I recently tried to grow a few grains just for the fun of it. I managed to get about 2 breakfast cereal bowls worth of oats from a bio-intensive 2x8' patch, and a quarter pound of flax seeds from a similar patch. Problem is, it's a lot of work to harvest by hand, and once you harvest, you are done until the next season. Meanwhile, my cucumbers, tomatoes and pumpkins just keep on delivering. And when my yard-long beans start yielding, I will have a steady supply of human and animal fodder for the next 4 months.

I did try one of the heirloom grain corns (Floriani Red), but I'm still a newbie with corn. The yield so far has been underwhelming. I planted them at various times starting around late February, and it seems only the first few are doing anything worthwhile. I guess if you miss the seasonal window it just isn't worth it. The good news is that I planted pumpkins, squash and melons around the corn, and they are taking off like wildfire.

At June 23, 2013 at 6:10 AM , Blogger Ten at Eat Your Sands said...
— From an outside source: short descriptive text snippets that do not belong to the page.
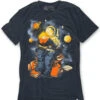 Nebula Novels Tee -Men's daily clothing NebulaNovels Mens Tee Mock Front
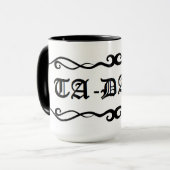 TA-DAH!!! - Tasse (Vorderseite Links)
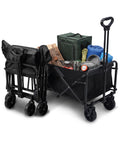 daimann carrello pieghevole da esterno taglia l 90kg taglia xl 120kg con ruote ean 8056590070642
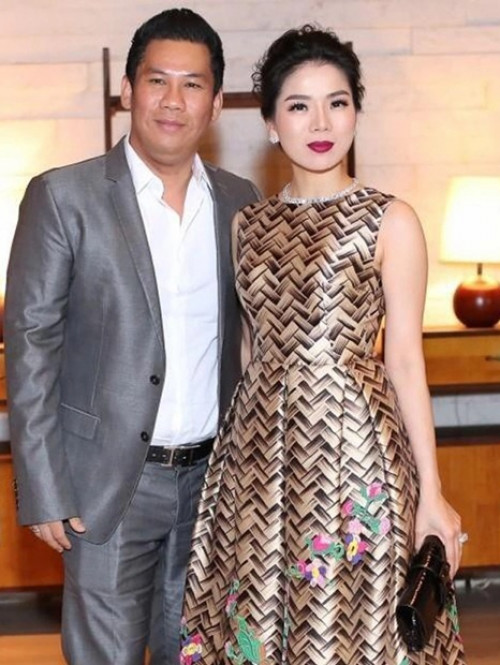 Thúy Nga và Đức Huy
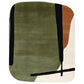 Dimma Midcentury Irregular Hand Tufted Carpet  & Rug
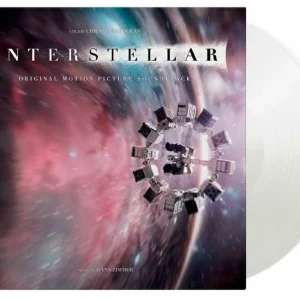 Get Yours Original Soundtrack Interstellar - Crystal Clear Vinyl - Numbered UK 2-LP vinyl set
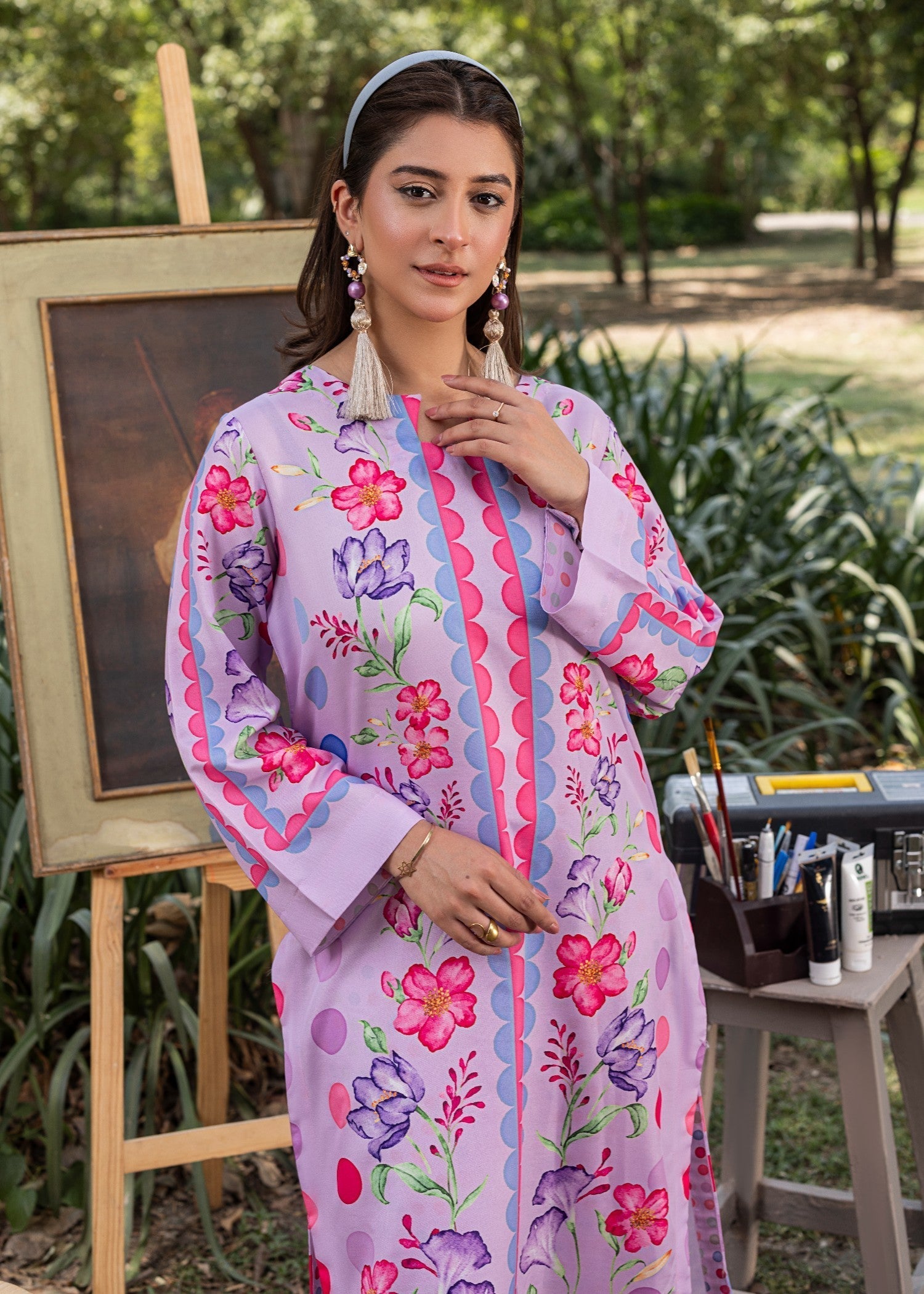 Zuri AROOSH ZS 45 LILAC Women 2pcs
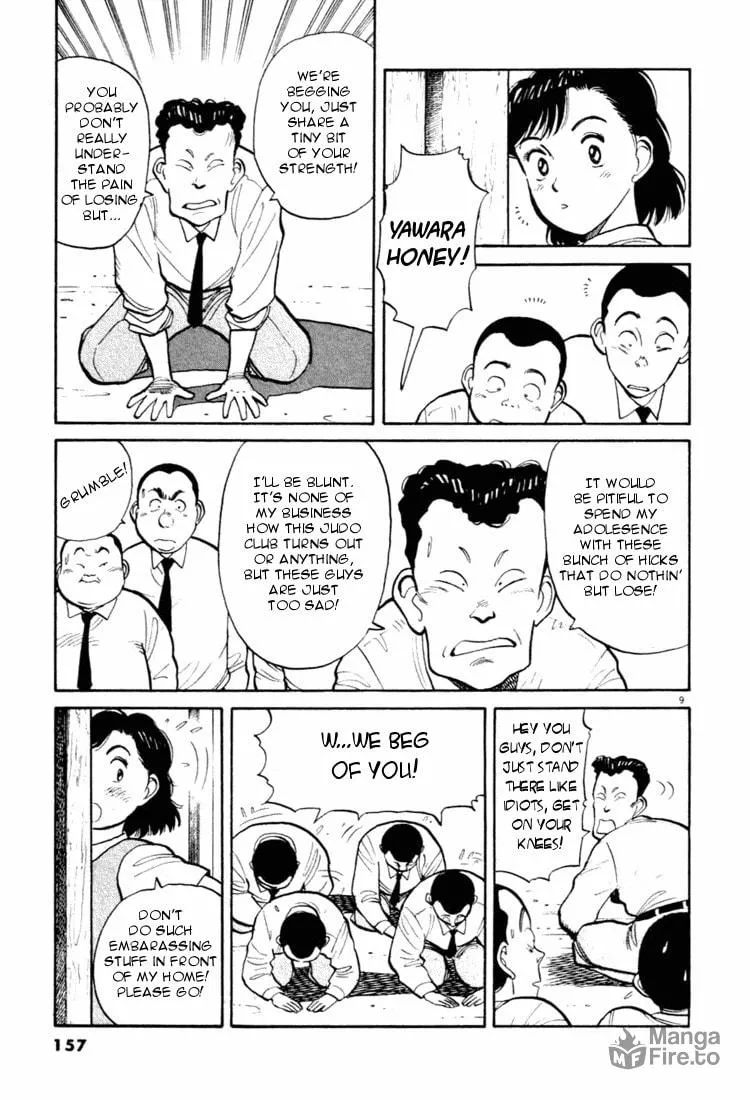 Read Yawara! chapter 31 image 8 on Lezhin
ok, you've inspired me to take pictures of my sorghum plants for you. I'm pretty sure chickens will like sorghum, because my parrots will kill random humans for it (if murder can be done by evil looks alone). but really, if i was going to try to grow grains for chicken feed i would buy some birdseed and grow it - the mix is usually black oil sunflower, millet, and sorghum. all short varieties.
i think people like grains so much because they love bread.
you should write a post about harvesting and eating bugs. my dad's pool is always full of june bugs every day. i bet those could be cooked and eaten, maybe after a bit of soaking to get some of the chlorine out.

At June 24, 2013 at 6:28 PM , Anonymous Anonymous said...

Grains have more going for them than you give them credit for, if you have enough space to grow them. In a typically small garden they definitely don't make sense, corn excepted as you noted. At 30 bushels per acre, you can harvest 180 lb. off of a 0.1 acre plot--and rotate into bush beans in the off season.

At June 24, 2013 at 8:45 PM , Blogger David The Good said...

"if you have enough space to grow them."

That's really the key. I'm aiming more at the small-scale gardener in this article. If you have the space and the right tools, grains can be amazing - there's a reason they're major staples world-wide. I recently got a much larger plot of land to work with and I'll be adding some grains to that in rotation, just as you're suggesting. Thanks for stopping by.